I don't think it's about the fantasy power level per se, I think it's about gamism vs. simulationism. You're basically gamist, as I understand it, and you try to provide fun encounters to your players. (Which BTW is perfectly fine. Not my cup of tea but not badwrongfun.) I am simulationist and try to provide a fun, coherent, interactive world for the players to generate their own conflicts/encounters within. At low levels, memorable and difficult fights in my campaign have consisted of things like getting detected by flying apes and draconian cavalry (re-skinned Centaurs) while sneaking into enemy territory, and holing up behind boulders for cover while trying to repel their missile fire. (Again, I did not force this encounters on them since it's a sandbox. I telegraphed the threat in this area, and the NPC's request/demand, and the players chose to try to infiltrate here instead of going elsewhere or gathering an army or negotiating or anything else.) A squad of a couple dozen cavalrymen isn't exactly a high-powered fantasy trope. The only thing it's violating is the DMG encounter guidelines, which is a gamist thing and not a fantasy convention.
DMG guidelines at low levels exist to generate squads of hobgoblins which are just barely big enough to lose in an interesting way. Simulationism dictates that squads of hobgoblins should be small enough to maintain a good force-to-space ratio over contested territory but big enough to not needlessly endanger the force against expected opposition. How big that is depends on a number of factors--and so there are multiple paths to victory. You can either hammer straight through the hobgoblin force, or you can start ambushing little chunks of two dozen of them at a time until they contract into a big ball of 400 nasty hobgoblins all in one fort--and then you bypass and ignore them. Mission accomplished, depending on what your mission was. To me that makes 400 hobgoblins an interesting challenge at mid levels (say, 5 to 8). At low levels (1 to 4) it would be a deadly challenge but you might have to engage anyway, cautiously, if all the other good guys are dead. That is an interesting challenge in a different way.

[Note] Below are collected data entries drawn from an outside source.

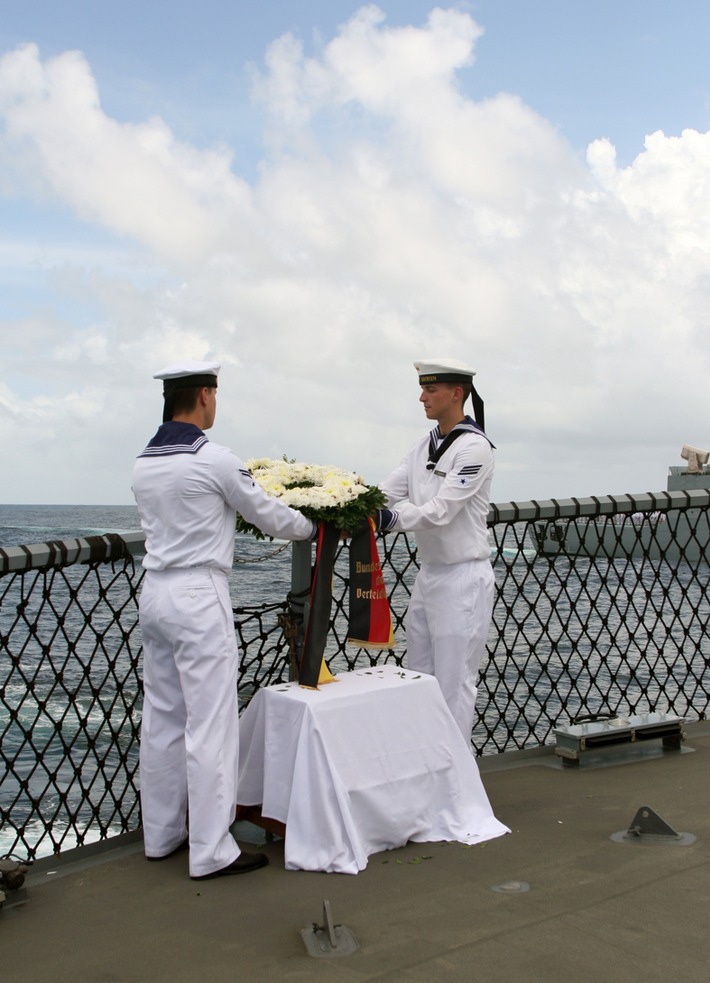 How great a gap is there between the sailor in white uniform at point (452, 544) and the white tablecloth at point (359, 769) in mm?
329

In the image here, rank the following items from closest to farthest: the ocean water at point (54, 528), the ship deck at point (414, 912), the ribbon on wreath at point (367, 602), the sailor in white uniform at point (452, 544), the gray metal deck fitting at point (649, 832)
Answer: the ship deck at point (414, 912), the gray metal deck fitting at point (649, 832), the ribbon on wreath at point (367, 602), the sailor in white uniform at point (452, 544), the ocean water at point (54, 528)

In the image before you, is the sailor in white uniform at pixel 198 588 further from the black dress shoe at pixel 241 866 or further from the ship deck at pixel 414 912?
the ship deck at pixel 414 912

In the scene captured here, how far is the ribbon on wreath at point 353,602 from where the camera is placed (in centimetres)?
409

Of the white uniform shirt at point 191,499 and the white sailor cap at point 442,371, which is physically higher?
the white sailor cap at point 442,371

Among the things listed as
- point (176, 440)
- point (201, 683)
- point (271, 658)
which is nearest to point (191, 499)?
point (176, 440)

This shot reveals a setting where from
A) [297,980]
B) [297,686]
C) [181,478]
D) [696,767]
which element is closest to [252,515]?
[181,478]

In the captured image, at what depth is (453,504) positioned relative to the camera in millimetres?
4332

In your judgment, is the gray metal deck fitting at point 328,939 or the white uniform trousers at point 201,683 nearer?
the gray metal deck fitting at point 328,939

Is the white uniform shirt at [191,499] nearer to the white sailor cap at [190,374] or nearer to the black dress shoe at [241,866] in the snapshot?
the white sailor cap at [190,374]

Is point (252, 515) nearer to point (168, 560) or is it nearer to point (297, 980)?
point (168, 560)

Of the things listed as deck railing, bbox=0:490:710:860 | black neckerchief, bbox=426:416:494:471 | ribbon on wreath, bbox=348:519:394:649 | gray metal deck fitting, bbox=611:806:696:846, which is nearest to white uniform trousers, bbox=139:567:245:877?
deck railing, bbox=0:490:710:860

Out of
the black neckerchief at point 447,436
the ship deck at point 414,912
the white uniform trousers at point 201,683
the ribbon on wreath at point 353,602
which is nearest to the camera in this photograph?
the ship deck at point 414,912

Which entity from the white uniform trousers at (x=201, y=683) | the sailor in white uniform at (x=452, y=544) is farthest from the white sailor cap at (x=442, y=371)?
the white uniform trousers at (x=201, y=683)

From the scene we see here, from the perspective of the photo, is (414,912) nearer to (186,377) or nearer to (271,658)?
(186,377) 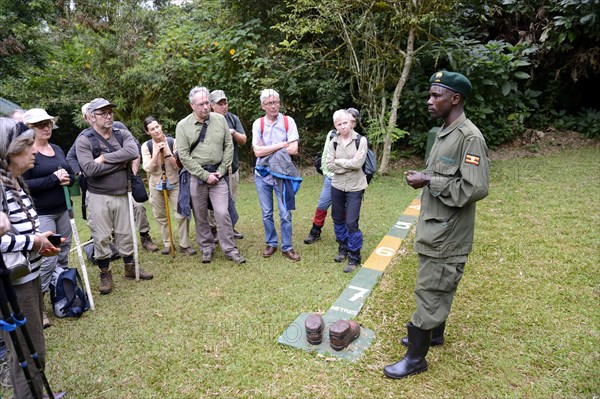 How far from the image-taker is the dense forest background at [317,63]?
8.75m

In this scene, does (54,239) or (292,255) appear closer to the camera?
(54,239)

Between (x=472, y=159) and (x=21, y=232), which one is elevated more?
(x=472, y=159)

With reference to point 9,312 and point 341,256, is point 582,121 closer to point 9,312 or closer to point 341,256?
point 341,256

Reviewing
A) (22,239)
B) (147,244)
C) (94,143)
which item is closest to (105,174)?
(94,143)

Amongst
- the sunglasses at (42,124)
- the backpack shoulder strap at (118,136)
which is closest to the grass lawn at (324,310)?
the backpack shoulder strap at (118,136)

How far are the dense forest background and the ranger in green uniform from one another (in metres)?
5.92

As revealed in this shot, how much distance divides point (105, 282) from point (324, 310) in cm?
236

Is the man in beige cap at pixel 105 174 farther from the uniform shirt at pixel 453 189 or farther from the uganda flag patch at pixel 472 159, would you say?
the uganda flag patch at pixel 472 159

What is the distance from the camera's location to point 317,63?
9570 millimetres

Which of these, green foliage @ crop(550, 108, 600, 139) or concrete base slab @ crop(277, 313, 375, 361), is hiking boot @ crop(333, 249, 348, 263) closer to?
concrete base slab @ crop(277, 313, 375, 361)

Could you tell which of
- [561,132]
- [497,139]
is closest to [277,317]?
[497,139]

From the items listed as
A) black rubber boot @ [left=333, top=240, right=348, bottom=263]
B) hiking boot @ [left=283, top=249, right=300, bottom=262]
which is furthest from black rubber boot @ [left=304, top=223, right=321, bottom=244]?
black rubber boot @ [left=333, top=240, right=348, bottom=263]

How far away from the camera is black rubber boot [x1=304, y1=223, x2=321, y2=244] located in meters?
5.52

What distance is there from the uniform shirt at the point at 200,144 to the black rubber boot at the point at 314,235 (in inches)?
61.3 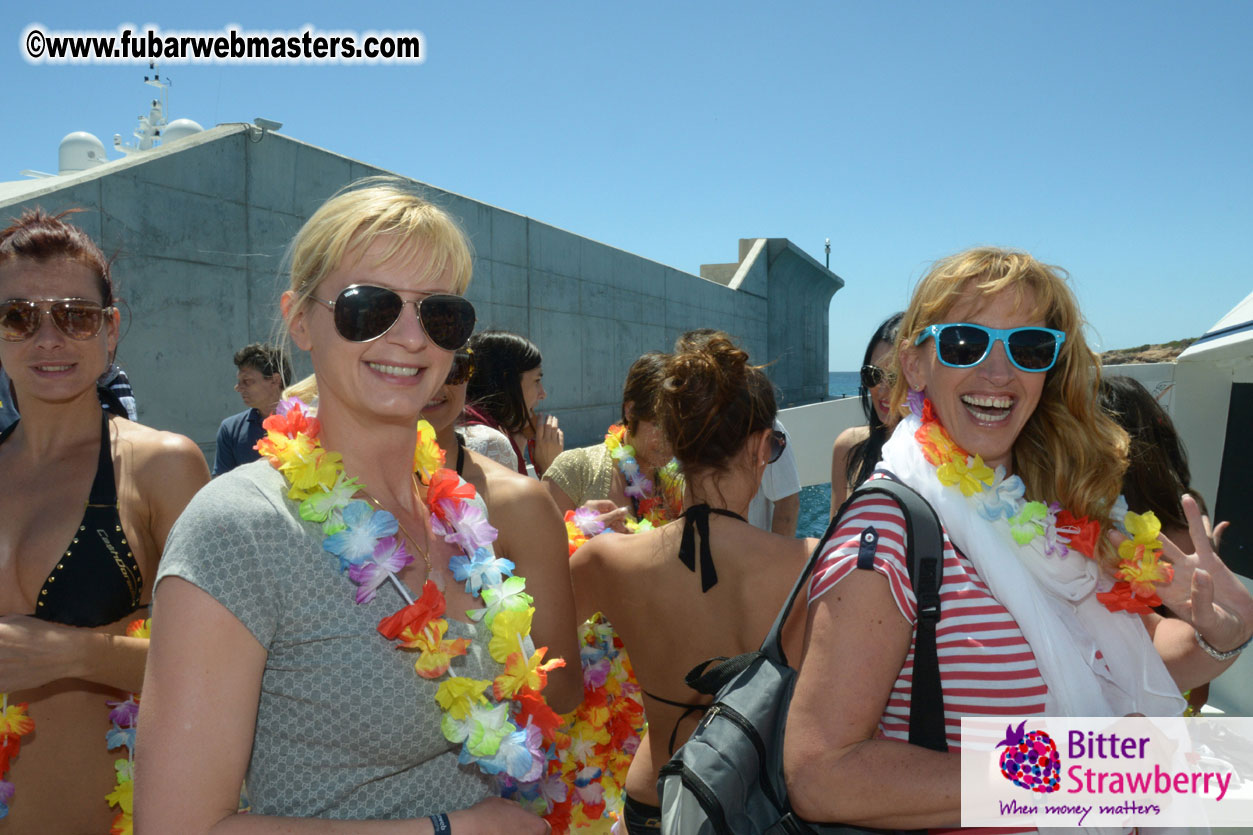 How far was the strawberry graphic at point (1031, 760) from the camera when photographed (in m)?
1.40

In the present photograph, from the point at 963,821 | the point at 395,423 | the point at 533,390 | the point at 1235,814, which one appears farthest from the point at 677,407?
the point at 1235,814

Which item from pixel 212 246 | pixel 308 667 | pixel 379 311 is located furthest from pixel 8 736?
pixel 212 246

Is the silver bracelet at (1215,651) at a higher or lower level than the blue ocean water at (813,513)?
higher

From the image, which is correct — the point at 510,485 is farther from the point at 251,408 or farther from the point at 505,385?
the point at 251,408

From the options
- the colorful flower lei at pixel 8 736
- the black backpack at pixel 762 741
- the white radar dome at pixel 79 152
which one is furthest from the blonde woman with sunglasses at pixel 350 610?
the white radar dome at pixel 79 152

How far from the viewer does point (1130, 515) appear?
6.26ft

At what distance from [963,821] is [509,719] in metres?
0.83

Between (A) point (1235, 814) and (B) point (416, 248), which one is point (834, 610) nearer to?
(B) point (416, 248)

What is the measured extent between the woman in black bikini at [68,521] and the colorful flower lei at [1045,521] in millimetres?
1801

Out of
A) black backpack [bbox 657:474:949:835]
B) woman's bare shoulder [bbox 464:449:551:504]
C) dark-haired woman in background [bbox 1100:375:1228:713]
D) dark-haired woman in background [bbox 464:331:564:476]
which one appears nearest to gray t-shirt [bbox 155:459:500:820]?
black backpack [bbox 657:474:949:835]

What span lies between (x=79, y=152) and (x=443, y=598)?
18.0 metres

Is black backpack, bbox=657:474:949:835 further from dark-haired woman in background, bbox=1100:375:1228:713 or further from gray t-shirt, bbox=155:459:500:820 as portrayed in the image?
dark-haired woman in background, bbox=1100:375:1228:713

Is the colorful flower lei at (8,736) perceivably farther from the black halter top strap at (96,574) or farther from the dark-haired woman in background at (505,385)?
the dark-haired woman in background at (505,385)

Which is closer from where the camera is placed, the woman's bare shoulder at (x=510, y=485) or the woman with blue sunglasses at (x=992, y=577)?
the woman with blue sunglasses at (x=992, y=577) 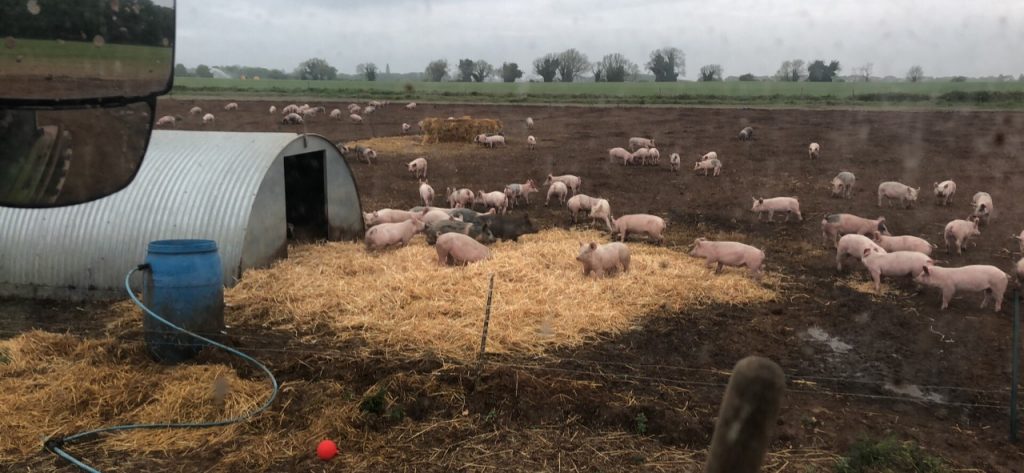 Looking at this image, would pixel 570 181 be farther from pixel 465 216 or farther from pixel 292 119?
pixel 292 119

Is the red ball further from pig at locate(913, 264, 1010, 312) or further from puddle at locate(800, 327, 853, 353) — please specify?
pig at locate(913, 264, 1010, 312)

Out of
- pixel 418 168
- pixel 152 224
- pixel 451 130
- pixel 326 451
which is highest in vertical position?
pixel 451 130


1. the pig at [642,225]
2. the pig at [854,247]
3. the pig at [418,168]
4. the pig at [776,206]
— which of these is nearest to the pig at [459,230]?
the pig at [642,225]

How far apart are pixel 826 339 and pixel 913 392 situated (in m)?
1.47

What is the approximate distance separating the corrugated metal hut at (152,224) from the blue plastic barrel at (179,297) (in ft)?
6.91

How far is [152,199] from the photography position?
32.2ft

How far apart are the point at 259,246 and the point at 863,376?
7.31 meters

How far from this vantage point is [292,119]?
131 feet

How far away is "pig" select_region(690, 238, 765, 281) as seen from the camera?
410 inches

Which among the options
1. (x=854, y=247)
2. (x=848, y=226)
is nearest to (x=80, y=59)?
(x=854, y=247)

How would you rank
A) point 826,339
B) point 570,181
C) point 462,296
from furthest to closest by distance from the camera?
point 570,181 → point 462,296 → point 826,339

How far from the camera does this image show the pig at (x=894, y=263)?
9797 millimetres

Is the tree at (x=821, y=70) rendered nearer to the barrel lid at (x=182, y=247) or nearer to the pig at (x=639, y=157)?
the pig at (x=639, y=157)

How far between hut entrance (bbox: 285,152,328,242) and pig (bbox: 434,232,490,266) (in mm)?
2620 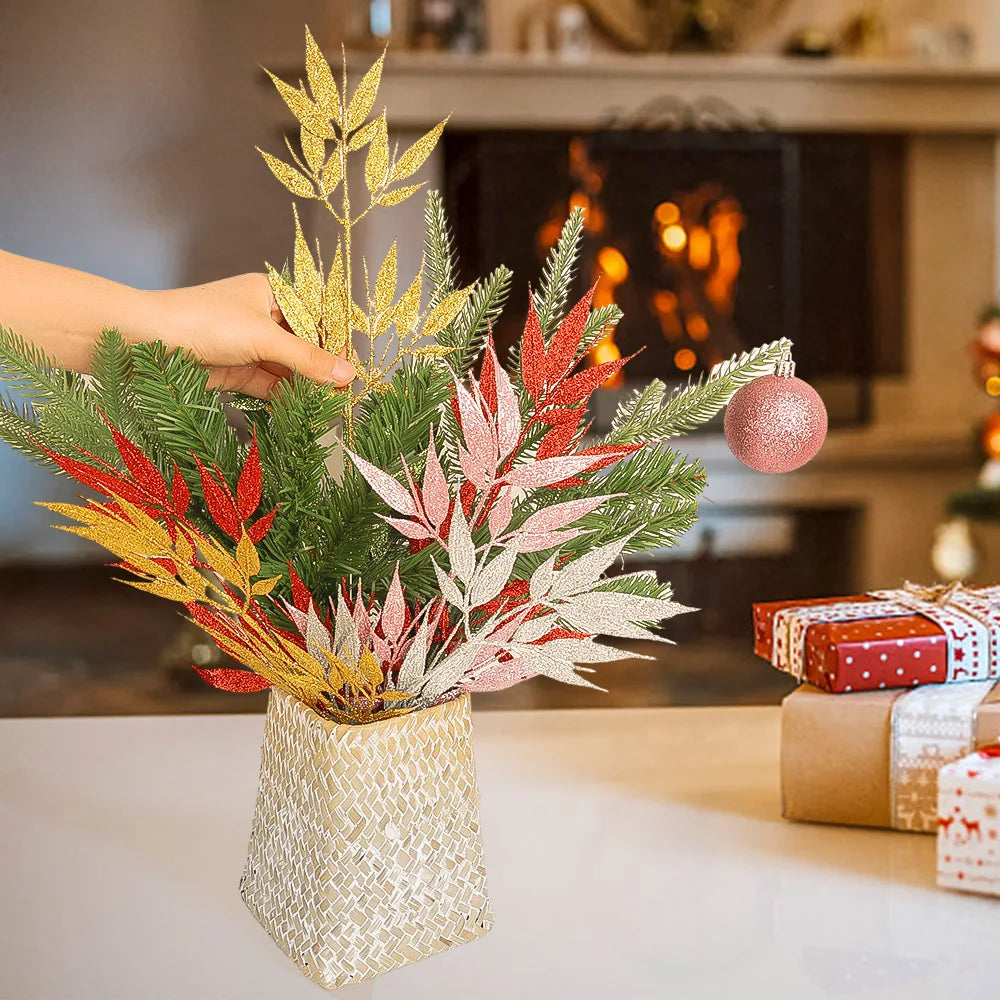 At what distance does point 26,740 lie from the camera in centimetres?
77

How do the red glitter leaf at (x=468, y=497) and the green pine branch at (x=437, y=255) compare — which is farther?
the green pine branch at (x=437, y=255)

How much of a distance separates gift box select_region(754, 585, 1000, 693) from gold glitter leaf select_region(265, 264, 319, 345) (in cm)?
32

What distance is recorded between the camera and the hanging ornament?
1.42 feet

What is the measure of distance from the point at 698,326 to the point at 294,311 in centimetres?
247

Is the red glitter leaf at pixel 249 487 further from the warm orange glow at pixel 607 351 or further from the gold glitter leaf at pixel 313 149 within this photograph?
the warm orange glow at pixel 607 351

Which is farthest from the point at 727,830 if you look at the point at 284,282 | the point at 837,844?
the point at 284,282

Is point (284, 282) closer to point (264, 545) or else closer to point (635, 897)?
point (264, 545)

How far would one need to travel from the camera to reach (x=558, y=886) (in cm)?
54

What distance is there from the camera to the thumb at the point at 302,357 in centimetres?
43

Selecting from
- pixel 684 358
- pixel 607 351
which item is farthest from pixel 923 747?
pixel 684 358

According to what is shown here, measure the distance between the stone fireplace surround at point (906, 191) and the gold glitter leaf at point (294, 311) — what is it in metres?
2.25

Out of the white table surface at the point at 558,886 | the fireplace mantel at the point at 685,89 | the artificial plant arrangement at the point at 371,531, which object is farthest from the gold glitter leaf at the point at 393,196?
the fireplace mantel at the point at 685,89

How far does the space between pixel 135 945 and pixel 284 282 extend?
275 mm

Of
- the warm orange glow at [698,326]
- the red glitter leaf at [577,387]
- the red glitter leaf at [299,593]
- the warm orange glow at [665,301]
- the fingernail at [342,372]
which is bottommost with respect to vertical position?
the red glitter leaf at [299,593] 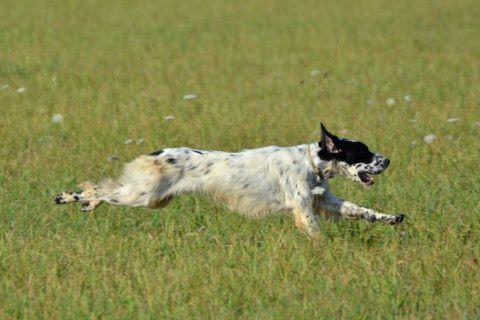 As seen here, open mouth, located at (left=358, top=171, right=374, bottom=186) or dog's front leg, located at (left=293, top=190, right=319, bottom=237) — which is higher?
open mouth, located at (left=358, top=171, right=374, bottom=186)

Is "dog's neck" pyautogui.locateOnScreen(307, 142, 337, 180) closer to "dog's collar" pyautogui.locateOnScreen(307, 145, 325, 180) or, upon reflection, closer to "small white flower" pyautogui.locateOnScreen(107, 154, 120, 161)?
"dog's collar" pyautogui.locateOnScreen(307, 145, 325, 180)

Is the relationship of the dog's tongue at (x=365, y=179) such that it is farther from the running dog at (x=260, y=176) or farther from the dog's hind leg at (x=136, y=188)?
the dog's hind leg at (x=136, y=188)

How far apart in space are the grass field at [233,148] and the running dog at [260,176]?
5.7 inches

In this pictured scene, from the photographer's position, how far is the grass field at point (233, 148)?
559cm

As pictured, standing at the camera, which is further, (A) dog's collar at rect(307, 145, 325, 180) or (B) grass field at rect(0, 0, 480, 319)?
(A) dog's collar at rect(307, 145, 325, 180)

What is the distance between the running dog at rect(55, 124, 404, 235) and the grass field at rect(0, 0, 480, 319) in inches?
5.7

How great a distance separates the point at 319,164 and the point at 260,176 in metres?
0.43

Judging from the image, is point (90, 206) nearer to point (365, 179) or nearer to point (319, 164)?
point (319, 164)

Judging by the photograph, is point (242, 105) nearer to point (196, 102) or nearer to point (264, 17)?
point (196, 102)

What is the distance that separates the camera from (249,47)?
691 inches

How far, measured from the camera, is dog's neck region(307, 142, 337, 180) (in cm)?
719

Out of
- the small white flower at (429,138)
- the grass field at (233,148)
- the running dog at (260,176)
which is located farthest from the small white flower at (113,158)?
the small white flower at (429,138)

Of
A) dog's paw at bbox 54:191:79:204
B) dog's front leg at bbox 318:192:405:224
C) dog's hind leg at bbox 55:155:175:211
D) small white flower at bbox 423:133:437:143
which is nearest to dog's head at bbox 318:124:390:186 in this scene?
dog's front leg at bbox 318:192:405:224

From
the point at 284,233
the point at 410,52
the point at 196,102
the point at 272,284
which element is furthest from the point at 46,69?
the point at 272,284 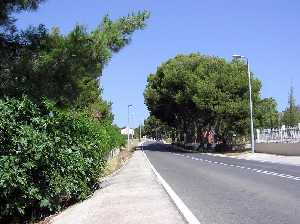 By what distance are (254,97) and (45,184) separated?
185 feet

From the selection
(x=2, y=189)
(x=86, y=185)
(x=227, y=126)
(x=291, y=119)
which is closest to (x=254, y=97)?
(x=227, y=126)

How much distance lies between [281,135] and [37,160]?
127 ft

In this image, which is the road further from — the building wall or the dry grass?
the building wall

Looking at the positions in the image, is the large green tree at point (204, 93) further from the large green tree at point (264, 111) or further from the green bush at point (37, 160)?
the green bush at point (37, 160)

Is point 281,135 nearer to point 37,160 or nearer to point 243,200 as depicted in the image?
point 243,200

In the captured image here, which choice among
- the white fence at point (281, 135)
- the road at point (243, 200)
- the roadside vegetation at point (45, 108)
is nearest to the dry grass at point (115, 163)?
the road at point (243, 200)

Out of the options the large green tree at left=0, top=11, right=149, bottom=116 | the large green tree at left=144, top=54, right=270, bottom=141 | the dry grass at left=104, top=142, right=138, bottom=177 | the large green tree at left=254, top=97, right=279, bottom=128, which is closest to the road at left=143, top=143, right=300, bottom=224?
the large green tree at left=0, top=11, right=149, bottom=116

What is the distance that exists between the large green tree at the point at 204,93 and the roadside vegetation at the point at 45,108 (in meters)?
48.5

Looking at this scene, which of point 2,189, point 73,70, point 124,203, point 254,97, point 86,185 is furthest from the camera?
point 254,97

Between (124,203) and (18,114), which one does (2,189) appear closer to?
(18,114)

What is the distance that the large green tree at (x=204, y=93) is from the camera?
64188mm

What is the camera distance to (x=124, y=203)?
44.0ft

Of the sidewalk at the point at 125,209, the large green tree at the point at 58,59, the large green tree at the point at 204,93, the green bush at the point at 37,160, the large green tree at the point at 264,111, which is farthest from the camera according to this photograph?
the large green tree at the point at 264,111

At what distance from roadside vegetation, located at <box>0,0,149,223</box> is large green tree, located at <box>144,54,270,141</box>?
48474mm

I don't acknowledge gamism versus simulationism. D&D is not like most games and isn't close to being a good simulation of the real world.
I look at D&D as cooperative story-telling. The DM creates a loose plot within the setting he chooses informing of the players of the parameters of play to guide them in the character creation process. The player's create characters they believe would be fun to play within the scenario the DM has outlined. They are the characters in the story, the DM is the plotter and world controller setting plot points in front of the players within the given world allowing them to take action to resolve each plot thread laid before them. He does this with a combination of challenges tailored to the characters the players have created and the general preferences of the players. You create this cooperative illusion of adventuring in a fantasy world as heroes (or sometimes villains) whose decisions affect some part of the world (or the entire thing) in some substantive way. I take the greatest pleasure when a story unfolds close to the manner I planned with wild card factor supplied by the decision of the characters that may take things in an unexpected direction. I tend to focus on the story using the mechanics to create the scenes and results I want, while always maintaining the illusion that the characters are "real" for the players.